Standard vs. Itemized Deduction
Standard deductions are fixed amounts, while itemized deductions add together different expenses to arrive at a total deduction. Most people choose the standard deduction because it is easier. In 2025, it is $15,000 (single) and $30,000 (married jointly).
Tax Credits
Tax credits directly reduce your tax bill. For example, a $1,000 credit reduces your tax liability by the same amount. Refundable credits can also result in a refund, while non-refundable credits only reduce your tax to zero.
Common Tax Credits
These include the Earned Income Credit for low-income individuals, the Foreign Tax Credit for foreign income, the Child Tax Credit for children, the Child Care Credit for childcare expenses, the American Opportunity and Lifetime Learning Credit for education, and the Saver’s Credit for retirement savings.
Energy Credits
Tax credits can also be obtained for installing solar, wind, or energy-efficient equipment in your home.

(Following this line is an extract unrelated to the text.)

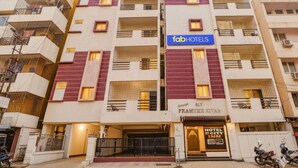 A multi-story building with a sign for 'fabHOTELS' and 'Hotel Ecity Inn'. - Fabhotel E City Inn (Bengaluru)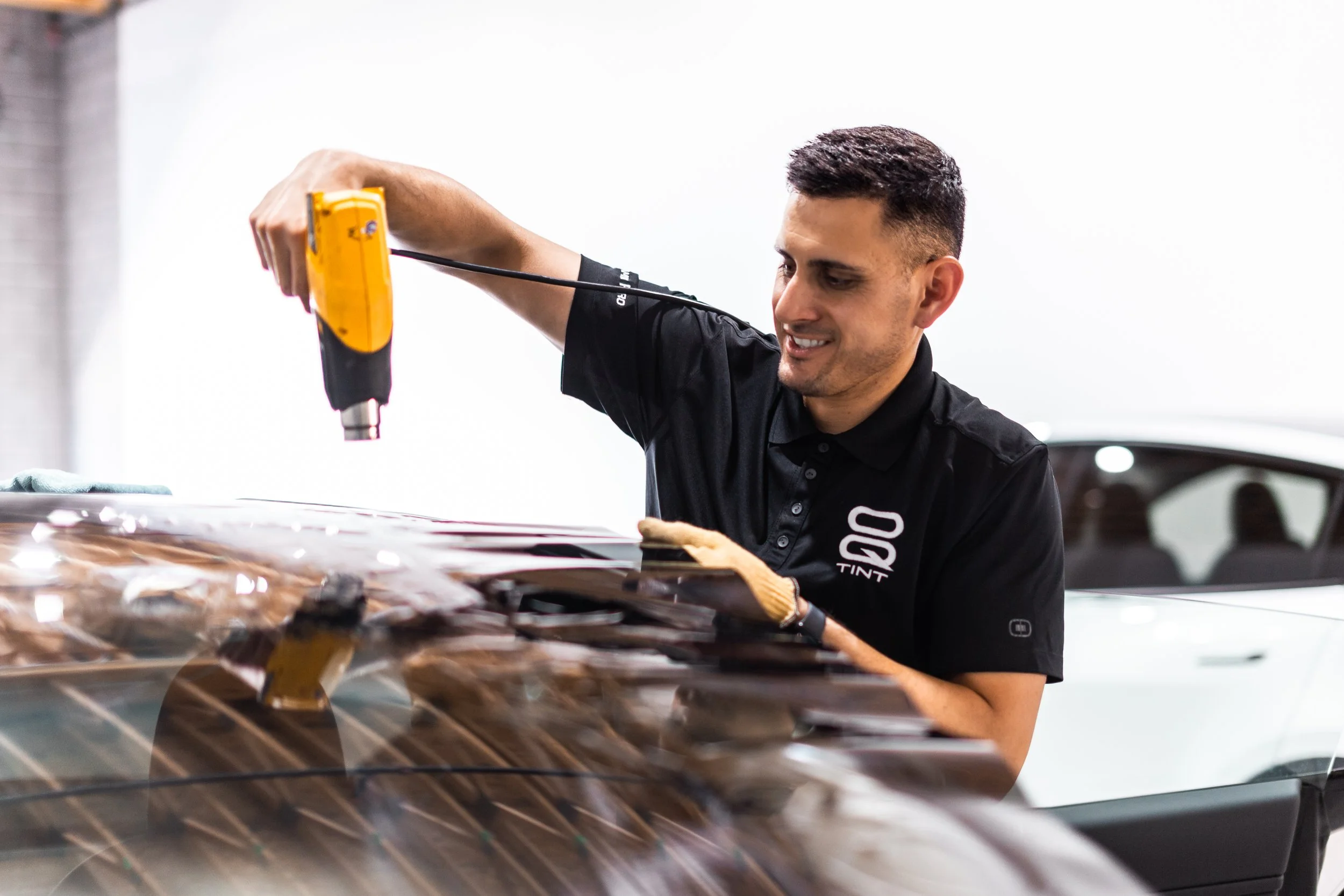 Window tint shrinking with heat gun on Tesla model 3 back window.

Alternative Minimum Tax (AMT)
The AMT is a separate tax system that doesn’t allow for many deductions. If your income exceeds a certain threshold, you must pay the higher of the ordinary tax or the AMT. To reduce this, increasing retirement contributions and reducing certain deductions can help.
It is therefore important to understand income, deductions, credits, and rules to accurately calculate taxes.